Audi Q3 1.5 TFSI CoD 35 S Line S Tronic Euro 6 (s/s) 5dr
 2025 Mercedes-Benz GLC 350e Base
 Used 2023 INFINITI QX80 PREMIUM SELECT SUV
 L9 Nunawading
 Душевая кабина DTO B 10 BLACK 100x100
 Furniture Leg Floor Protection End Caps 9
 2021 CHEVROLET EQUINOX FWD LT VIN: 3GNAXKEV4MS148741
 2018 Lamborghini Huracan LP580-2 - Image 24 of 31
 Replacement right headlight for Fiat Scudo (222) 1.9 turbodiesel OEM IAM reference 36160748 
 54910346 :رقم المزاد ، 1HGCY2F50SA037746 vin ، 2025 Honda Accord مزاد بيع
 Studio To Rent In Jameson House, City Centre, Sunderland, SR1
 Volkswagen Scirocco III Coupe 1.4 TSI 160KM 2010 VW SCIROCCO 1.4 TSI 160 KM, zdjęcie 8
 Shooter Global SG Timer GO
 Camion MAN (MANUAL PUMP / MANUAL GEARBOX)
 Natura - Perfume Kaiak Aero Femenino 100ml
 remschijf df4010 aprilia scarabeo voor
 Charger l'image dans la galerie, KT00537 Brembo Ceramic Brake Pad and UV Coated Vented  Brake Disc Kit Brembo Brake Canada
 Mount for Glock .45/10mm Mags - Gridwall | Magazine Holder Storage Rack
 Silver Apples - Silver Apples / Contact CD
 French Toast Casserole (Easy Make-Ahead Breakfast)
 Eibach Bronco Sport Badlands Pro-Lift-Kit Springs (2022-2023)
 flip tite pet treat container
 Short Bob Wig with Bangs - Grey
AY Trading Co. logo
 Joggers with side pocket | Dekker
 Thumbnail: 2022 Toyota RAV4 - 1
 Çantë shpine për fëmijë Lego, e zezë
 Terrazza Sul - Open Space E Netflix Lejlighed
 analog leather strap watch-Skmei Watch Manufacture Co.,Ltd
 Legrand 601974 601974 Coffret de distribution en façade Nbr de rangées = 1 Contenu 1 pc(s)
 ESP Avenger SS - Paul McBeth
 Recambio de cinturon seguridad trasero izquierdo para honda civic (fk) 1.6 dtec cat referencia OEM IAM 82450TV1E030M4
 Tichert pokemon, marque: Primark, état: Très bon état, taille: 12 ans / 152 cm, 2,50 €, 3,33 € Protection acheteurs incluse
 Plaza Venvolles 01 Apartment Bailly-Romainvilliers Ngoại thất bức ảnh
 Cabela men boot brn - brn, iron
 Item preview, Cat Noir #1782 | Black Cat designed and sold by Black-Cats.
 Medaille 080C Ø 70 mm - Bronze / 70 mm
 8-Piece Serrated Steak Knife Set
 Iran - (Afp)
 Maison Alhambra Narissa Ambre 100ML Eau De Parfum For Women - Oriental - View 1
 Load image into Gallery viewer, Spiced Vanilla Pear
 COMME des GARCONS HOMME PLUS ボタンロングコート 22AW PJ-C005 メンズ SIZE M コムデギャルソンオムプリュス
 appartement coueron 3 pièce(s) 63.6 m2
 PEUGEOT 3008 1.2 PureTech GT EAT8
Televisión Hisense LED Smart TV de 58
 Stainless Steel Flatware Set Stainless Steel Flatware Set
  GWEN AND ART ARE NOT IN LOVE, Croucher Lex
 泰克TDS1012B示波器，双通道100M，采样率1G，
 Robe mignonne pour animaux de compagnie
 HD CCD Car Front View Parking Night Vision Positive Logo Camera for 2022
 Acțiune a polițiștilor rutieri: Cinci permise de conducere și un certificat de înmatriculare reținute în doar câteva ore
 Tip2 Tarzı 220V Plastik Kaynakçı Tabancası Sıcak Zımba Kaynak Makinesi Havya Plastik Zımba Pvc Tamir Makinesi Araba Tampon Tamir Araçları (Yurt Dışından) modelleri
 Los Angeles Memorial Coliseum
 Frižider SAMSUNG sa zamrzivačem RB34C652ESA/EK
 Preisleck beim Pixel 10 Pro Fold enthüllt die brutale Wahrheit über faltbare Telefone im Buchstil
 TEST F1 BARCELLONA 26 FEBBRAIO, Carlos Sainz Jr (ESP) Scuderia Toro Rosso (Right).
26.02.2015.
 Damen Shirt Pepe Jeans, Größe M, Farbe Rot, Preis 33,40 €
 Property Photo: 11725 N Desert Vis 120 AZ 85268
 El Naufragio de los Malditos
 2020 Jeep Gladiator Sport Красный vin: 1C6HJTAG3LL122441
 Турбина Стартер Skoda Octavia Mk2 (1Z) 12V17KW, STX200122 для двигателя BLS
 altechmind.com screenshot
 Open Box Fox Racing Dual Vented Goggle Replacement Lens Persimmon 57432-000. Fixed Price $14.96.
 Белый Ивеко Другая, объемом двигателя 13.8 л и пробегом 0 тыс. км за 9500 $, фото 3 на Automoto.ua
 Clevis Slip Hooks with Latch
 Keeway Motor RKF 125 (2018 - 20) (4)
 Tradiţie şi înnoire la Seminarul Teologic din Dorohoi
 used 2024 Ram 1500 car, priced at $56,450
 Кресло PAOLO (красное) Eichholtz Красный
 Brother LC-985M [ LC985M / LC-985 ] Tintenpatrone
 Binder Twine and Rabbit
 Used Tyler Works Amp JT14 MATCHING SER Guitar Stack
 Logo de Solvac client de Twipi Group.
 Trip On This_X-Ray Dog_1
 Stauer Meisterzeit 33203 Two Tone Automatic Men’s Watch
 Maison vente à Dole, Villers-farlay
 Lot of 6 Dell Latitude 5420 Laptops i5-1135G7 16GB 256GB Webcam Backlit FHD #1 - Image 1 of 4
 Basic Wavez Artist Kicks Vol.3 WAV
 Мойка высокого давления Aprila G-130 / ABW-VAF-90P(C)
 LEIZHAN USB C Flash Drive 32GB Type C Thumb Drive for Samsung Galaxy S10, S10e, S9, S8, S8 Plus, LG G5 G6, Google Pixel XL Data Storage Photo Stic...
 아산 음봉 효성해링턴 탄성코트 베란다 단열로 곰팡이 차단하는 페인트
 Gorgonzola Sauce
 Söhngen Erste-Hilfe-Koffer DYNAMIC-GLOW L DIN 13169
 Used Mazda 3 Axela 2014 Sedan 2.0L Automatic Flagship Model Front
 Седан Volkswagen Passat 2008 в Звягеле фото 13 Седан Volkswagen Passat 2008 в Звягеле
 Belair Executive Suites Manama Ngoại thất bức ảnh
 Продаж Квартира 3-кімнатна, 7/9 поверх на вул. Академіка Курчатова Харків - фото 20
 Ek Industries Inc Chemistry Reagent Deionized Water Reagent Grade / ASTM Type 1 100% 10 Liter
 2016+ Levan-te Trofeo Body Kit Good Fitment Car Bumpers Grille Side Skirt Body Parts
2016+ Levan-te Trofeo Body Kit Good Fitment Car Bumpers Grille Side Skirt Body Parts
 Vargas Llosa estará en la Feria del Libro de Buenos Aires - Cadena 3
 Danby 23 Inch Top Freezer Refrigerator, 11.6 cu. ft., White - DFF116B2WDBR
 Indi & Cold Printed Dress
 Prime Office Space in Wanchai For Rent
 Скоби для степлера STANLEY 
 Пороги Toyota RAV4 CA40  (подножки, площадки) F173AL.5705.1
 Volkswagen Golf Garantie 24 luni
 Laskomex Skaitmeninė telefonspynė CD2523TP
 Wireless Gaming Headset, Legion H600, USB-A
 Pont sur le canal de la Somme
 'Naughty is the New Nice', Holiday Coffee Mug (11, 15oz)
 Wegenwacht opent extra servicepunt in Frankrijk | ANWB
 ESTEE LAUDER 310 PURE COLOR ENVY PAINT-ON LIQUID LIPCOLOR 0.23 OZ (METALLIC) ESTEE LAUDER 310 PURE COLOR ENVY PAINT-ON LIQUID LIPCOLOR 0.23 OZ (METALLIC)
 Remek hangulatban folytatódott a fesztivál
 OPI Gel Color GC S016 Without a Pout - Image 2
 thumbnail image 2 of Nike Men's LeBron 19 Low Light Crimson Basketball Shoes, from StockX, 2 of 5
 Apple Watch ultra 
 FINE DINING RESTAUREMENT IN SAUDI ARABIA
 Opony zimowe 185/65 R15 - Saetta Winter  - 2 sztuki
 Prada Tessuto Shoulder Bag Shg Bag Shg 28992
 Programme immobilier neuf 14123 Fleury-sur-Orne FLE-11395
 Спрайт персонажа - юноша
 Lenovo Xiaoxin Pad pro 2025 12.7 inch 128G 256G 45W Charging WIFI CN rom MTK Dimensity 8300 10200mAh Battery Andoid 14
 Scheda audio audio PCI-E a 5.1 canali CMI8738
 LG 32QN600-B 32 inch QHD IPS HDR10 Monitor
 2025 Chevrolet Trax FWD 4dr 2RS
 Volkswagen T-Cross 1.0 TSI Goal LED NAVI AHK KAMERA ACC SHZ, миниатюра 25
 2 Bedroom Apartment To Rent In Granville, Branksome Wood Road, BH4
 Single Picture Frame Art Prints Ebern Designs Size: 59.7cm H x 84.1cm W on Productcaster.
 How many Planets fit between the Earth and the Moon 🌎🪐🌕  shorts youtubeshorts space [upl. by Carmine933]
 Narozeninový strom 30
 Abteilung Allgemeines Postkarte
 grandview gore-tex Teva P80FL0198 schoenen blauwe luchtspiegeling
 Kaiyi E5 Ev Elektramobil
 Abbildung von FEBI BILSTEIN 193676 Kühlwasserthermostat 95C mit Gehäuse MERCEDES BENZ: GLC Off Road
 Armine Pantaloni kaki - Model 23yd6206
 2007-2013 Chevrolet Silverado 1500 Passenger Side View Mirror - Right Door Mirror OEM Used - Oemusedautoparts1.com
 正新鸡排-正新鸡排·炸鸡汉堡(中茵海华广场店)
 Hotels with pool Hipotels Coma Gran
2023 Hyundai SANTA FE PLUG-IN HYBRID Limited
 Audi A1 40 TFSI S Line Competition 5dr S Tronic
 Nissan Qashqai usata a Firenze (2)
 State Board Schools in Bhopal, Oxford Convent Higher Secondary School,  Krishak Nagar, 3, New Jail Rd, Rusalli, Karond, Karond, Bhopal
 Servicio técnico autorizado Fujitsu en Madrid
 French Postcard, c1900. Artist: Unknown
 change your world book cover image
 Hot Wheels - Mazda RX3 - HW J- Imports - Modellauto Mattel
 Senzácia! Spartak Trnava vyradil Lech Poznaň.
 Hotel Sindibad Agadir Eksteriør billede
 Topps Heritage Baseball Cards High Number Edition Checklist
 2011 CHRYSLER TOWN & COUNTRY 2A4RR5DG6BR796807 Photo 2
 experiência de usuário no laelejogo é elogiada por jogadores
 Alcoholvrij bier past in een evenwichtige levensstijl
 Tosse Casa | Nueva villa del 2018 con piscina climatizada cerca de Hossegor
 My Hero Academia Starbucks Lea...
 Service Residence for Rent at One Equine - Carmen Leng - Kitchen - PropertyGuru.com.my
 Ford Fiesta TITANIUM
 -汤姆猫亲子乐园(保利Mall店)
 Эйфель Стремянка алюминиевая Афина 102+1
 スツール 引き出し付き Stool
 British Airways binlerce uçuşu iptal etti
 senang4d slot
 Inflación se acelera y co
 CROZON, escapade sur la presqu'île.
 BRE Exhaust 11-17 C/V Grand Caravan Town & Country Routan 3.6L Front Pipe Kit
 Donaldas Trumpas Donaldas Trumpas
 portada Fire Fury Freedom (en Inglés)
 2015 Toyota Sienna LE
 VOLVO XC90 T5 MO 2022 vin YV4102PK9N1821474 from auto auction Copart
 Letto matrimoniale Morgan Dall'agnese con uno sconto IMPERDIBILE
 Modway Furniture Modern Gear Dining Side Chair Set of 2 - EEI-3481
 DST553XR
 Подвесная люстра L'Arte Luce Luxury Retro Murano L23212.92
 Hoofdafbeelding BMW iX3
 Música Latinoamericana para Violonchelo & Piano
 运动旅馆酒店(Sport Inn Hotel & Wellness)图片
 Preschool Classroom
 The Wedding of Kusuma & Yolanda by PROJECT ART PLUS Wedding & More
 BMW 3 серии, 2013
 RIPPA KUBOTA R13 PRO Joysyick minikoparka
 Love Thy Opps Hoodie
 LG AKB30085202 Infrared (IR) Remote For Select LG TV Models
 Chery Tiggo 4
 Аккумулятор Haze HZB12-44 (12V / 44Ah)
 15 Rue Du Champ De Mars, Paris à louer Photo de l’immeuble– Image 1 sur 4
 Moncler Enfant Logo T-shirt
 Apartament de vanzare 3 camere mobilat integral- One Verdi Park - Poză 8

### What you should do
Beginning at the line above with "아산 음봉 효성해링턴 탄성코트 베란다 단열로 곰팡이 차단하는 페인트" and finishing at the line with "Седан Volkswagen Passat 2008 в Звягеле фото", return each line exactly and return nothing else.

### Exercise answer
 아산 음봉 효성해링턴 탄성코트 베란다 단열로 곰팡이 차단하는 페인트
 Gorgonzola Sauce
 Söhngen Erste-Hilfe-Koffer DYNAMIC-GLOW L DIN 13169
 Used Mazda 3 Axela 2014 Sedan 2.0L Automatic Flagship Model Front
 Седан Volkswagen Passat 2008 в Звягеле фото 13 Седан Volkswagen Passat 2008 в Звягеле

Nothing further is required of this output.